老後生活において「最適な資金」は何だと思いますか。
投資信託? 運用利回りがいい商品? いいえ、違います。
じつは、「年金」が最も優れた資金なのです。
年金は生きている限り、決まった金額をずっと受け取ることができます。
これが最大のポイント。
定期的にお金が入ってくる状態は、大きな安心感につながります。
働いている間は毎月給料をもらえましたが、老後の収入は年金だけになります。
もっとも、それでは足りないので、不足分を貯蓄から取りくずすことになるわけです。
だったらなおさら「貯蓄を増やさなければ」と思うかもしれません。
しかし、目減りしていくお金が目減りしていくというのは不安があります。
ここは発想を逆転させてください。
出ていくお金を増やすのではなく、入ってくるお金を増やす。
最適な老後資金である年金が十分に得られれば、減り続ける残高に怯おびえる必要はなくなります。
もちろん、座して待っていても年金は増えません。
そのベースをつくるために、貯蓄を有効活用するのです。
「年金制度は崩壊しかねない」は本当か
日本は、原則的に国民全員が年金に加入しています。
原則60歳未満の人が払う保険料で、65歳以上の高齢者を支えるしくみです。
1970年は、20歳~64歳の8.5人で1人の高齢者を支えていました。
ところが、日本は先進国の中でも類を見ないほど、少子高齢化が急速に進んでいます。
2010年には、2.6人で1人の高齢者を支える構図に変わりました。
さらに、高齢化がピークを迎える2050年には、1.2人で1人を支えるという、まるで肩車のような状態になります。
その後は高齢化も落ち着くと予測されています。
こう聞くと、「年金って危ないんじゃないの?」と疑いたくなるかもしれません。
年金制度は崩壊するのではないかといったコメントもよく耳にするため、懸念をいだく人が多いことも承知しています。

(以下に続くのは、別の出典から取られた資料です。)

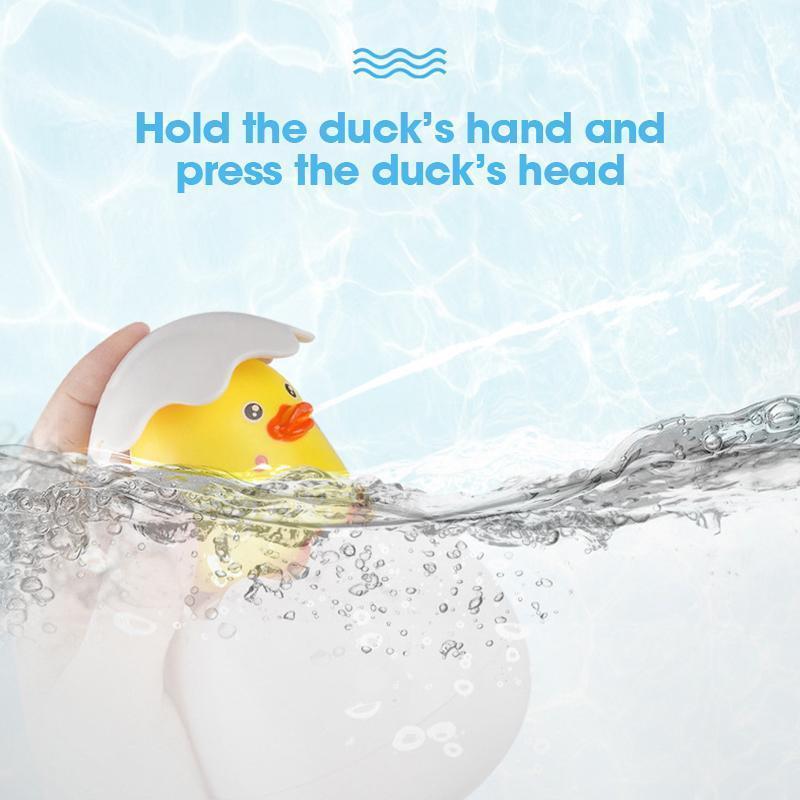 Hatching Chick Spray Bath Toy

しかし、現状では年金制度が崩壊するとは考えにくいと思います。
4人に1人が受け取っている年金の崩壊は、国民生活の崩壊になりかねないからです。
年金制度の廃止に手をつけるより、ほかの公共事業などをやめるほうが先でしょう。
どうしても年金制度をやめざるを得ないとなったら、それは日本国そのものが危機的状況に瀕していることを意味します。
さすがに、その確率は限りなく低いですよね。
もっとも、崩壊はしなくても、じょじょに縮小される可能性はあります。
国が全面的に面倒を見る制度から、
「個人個人で考えてください。そのかわり、サポートはします」
という制度にシフトしていくでしょう。
実際、その兆しは現れており、2016年にスタートしたiDeCo(イデコ)はそうした考え方に基づいています。

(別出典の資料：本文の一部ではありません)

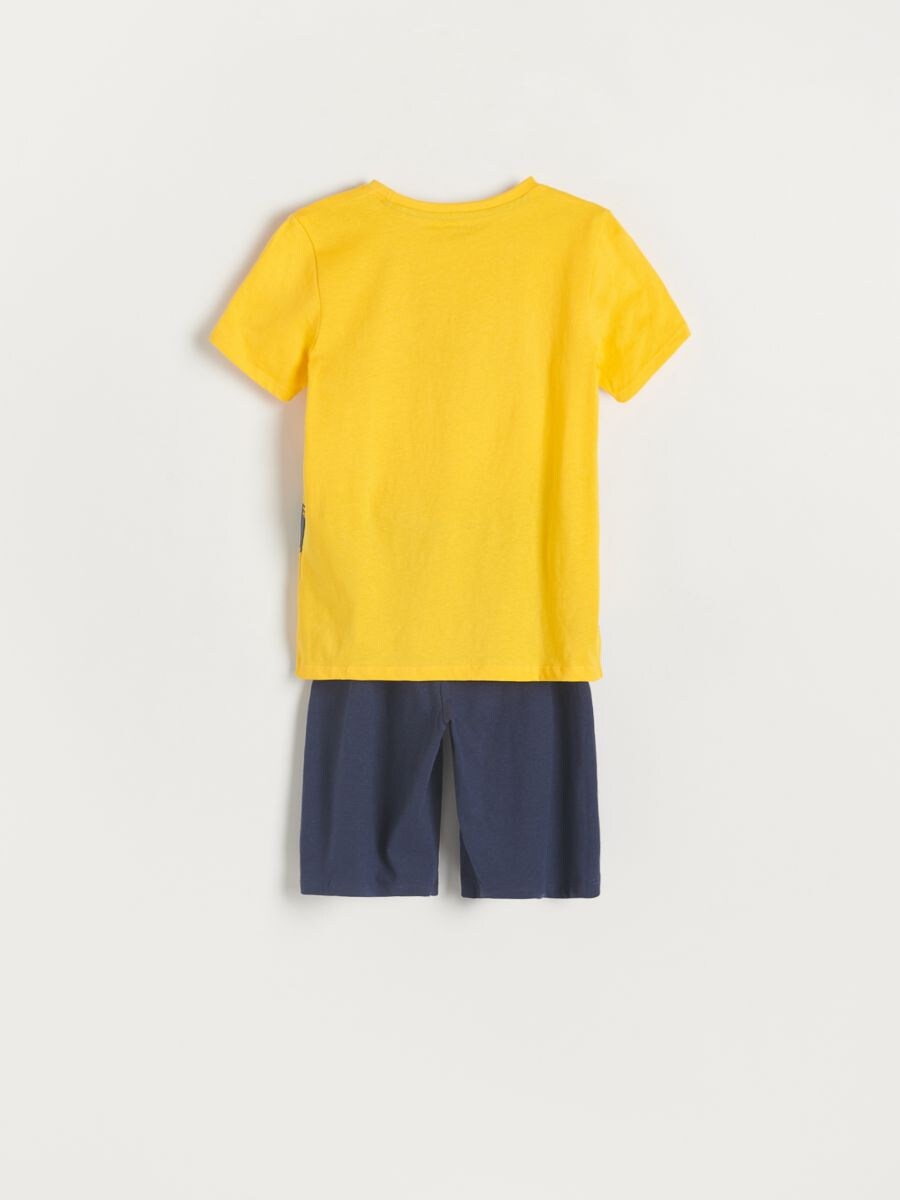 Printed pyjamas - navy - RESERVED - 2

とはいえ、年金制度が老後生活の大きな資金源になることは変わりありません。
考えてもみてください。
自分の力だけで、65歳から1億円近い資金を用意できますか。
その多くは年金に頼ることになります。
年金制度は何度も改正を繰り返しているため、とても複雑になっていますが、これを理解し、有効に使っていけば、ひじょうにお得なのです。
はっきりいいます。
年金制度は、簡単に崩壊はしません。
ぜひ、この制度を賢く使いこなして、豊かな老後生活を獲得しましょう。